Très belle épreuve imprimée sur chine chamois appliqué sur vélin fort blanc. Menues salissures dans les angles, sinon très bon état. Épreuve rognée à l’intérieur du coup de planche, avec bonnes marges du cuivre conservées. L’épreuve est montée par un onglet de papier sur une feuille de papier vergé ancien.

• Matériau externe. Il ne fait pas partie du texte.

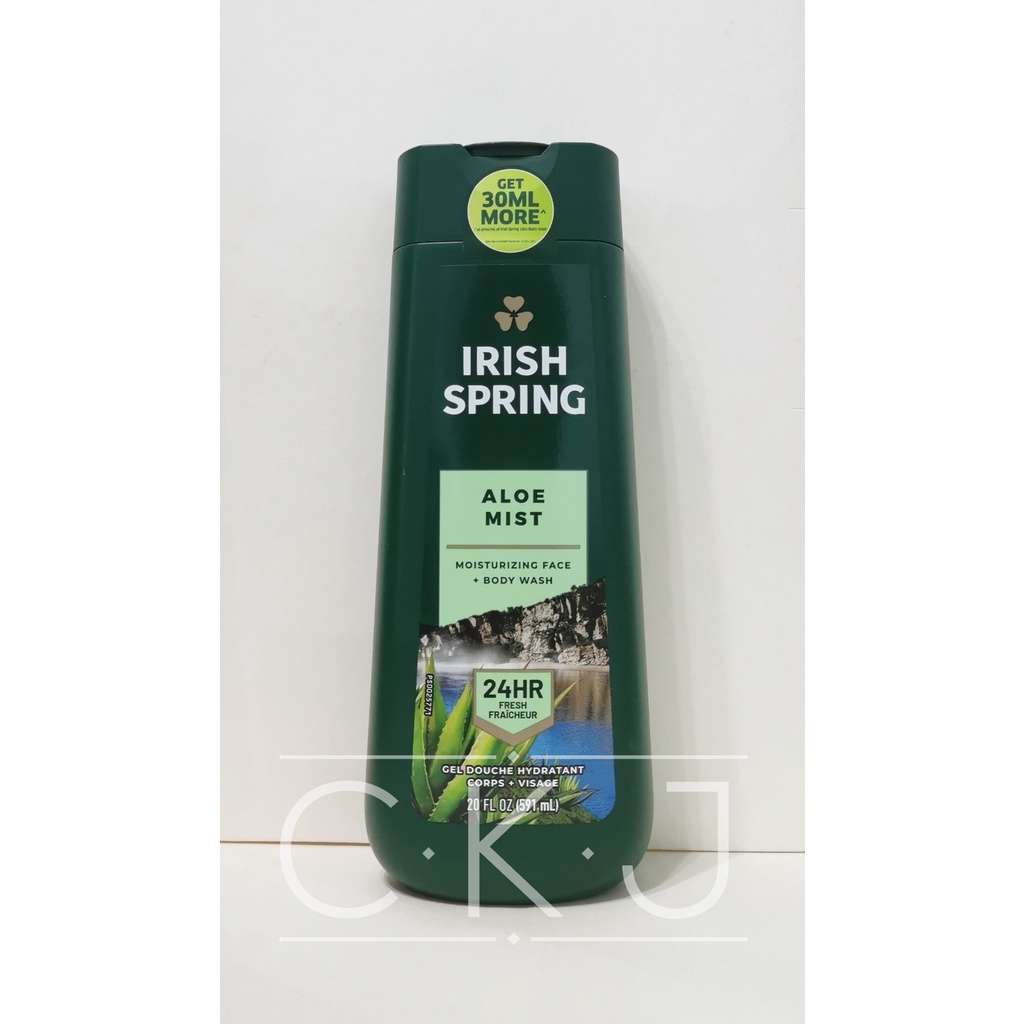 Irish Spring Body Wash (20oz = 591ml) | Shopee Philippines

Épreuve rarissime. Dirk van Gelder mentionne seulement « deux exemplaires authentiques connus » imprimés par Bresdin lui-même « sur chine appliqué » : l’un est conservé au Kunstmuseum Den Haag, autrefois Gemeentemuseum (épreuve reproduite dans le catalogue de Van Gelder), l’autre, portant le timbre personnel rouge de Bresdin, appartenait à la collection Richard Bühler à Winterthur (épreuve reproduite dans Die Schwarze Sonne des Traums, p. 96, cat n°56). Van Gelder ajoute qu’ « il n’y eut sans doute que quelques épreuves posthumes, toutes sur hollande vergé, par exemple l’exemplaire portant le timbre sec qui se trouve à la Bibliothèque nationale à Paris et dont Rodolphine Bresdin dit : ‘une de celles que Delâtre avait tirées pour moi sur chine hollande… admirable eau-forte des cuivres restés chez Delâtre’ ». Cette épreuve, conservée à la Réserve des Estampes de la BnF, est décrite par Maxime Préaud comme une « épreuve sur chine crème clair appliqué sur vergé crème clair, avec le timbre sec (Lugt, 2194) mordant légèrement sur le sujet placé par erreur dans l’angle supérieur gauche ». Van Gelder mentionne encore une épreuve de tirage posthume, conservée à l’Art Institute de Chicago ; elle est imprimée sur papier vergé crème. Il cite enfin une épreuve dans la collection Paul Prouté à Paris.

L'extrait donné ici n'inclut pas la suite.